Exercise directions>
Return the data below unchanged, without images.

───── Data extract

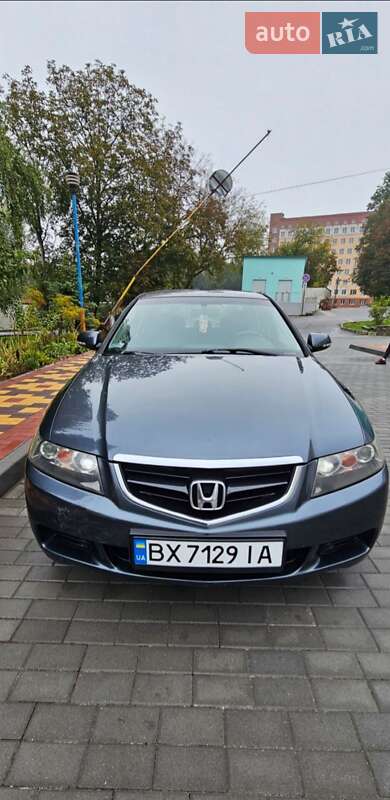 2004 honda accord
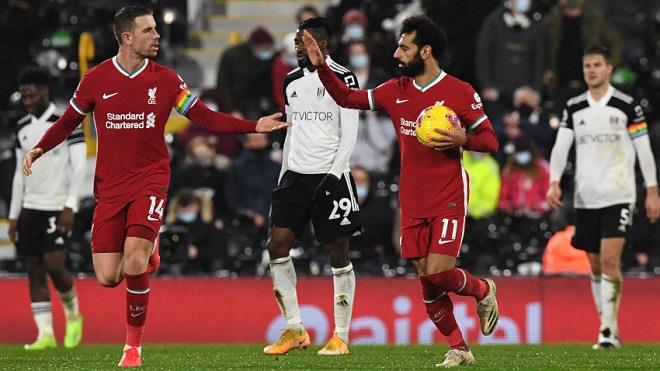 Nhận định Liverpool vs Man Utd: 'Quỷ đỏ' giữ ngôi đầu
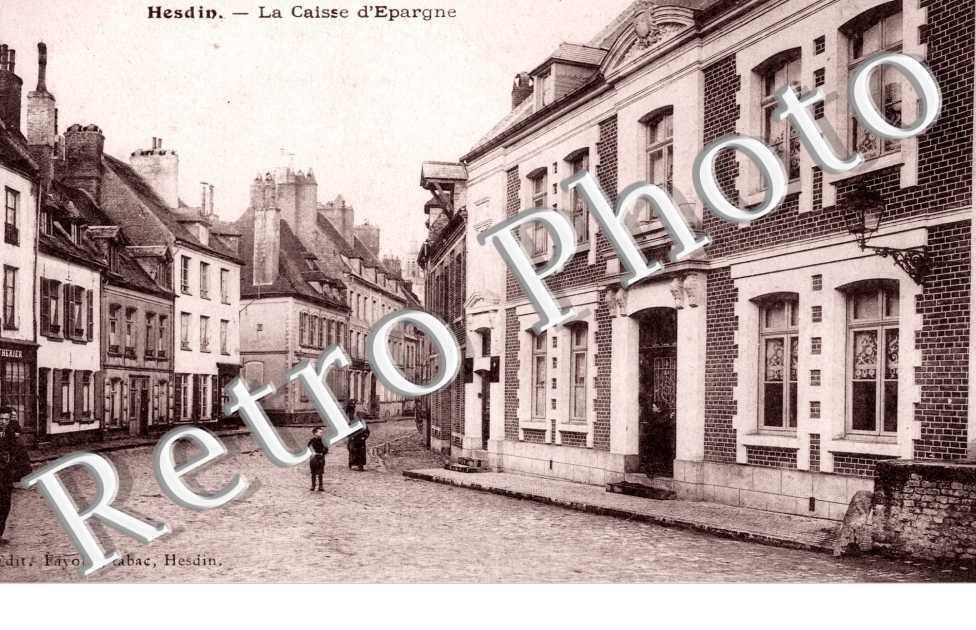 la Caisse d'Epargne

──────────

Result for this task>
 2004 honda accord
 Nhận định Liverpool vs Man Utd: 'Quỷ đỏ' giữ ngôi đầu
 la Caisse d'Epargne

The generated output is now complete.